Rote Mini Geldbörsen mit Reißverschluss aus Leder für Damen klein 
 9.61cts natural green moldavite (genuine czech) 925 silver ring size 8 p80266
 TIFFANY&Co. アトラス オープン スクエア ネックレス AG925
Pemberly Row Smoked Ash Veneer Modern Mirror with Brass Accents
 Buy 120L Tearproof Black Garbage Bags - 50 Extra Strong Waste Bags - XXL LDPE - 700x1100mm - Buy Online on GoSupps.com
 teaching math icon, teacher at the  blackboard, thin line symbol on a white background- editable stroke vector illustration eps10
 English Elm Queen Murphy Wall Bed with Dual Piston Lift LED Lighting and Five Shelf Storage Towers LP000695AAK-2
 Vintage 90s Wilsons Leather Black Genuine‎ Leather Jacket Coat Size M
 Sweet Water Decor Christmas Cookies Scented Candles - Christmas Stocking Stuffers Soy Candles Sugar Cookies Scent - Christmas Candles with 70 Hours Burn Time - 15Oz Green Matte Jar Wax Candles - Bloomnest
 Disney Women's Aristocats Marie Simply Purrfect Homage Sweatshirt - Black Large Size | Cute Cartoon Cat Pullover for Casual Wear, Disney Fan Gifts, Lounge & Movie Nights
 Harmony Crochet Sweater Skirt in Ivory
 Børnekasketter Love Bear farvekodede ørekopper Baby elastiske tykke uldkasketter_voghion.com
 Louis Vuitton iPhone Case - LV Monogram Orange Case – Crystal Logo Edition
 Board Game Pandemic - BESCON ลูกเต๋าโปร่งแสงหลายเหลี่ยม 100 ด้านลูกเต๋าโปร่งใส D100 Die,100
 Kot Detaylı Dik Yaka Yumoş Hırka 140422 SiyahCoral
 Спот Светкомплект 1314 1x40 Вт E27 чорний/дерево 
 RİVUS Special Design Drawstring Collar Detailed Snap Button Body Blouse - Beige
··········
◆ **What is being asked**: Lines from the one containing "Disney Women's Aristocats" through the final line of the material should be set down exactly, and no other lines.

◆ **Response**:
 Disney Women's Aristocats Marie Simply Purrfect Homage Sweatshirt - Black Large Size | Cute Cartoon Cat Pullover for Casual Wear, Disney Fan Gifts, Lounge & Movie Nights
 Harmony Crochet Sweater Skirt in Ivory
 Børnekasketter Love Bear farvekodede ørekopper Baby elastiske tykke uldkasketter_voghion.com
 Louis Vuitton iPhone Case - LV Monogram Orange Case – Crystal Logo Edition
 Board Game Pandemic - BESCON ลูกเต๋าโปร่งแสงหลายเหลี่ยม 100 ด้านลูกเต๋าโปร่งใส D100 Die,100
 Kot Detaylı Dik Yaka Yumoş Hırka 140422 SiyahCoral
 Спот Светкомплект 1314 1x40 Вт E27 чорний/дерево 
 RİVUS Special Design Drawstring Collar Detailed Snap Button Body Blouse - Beige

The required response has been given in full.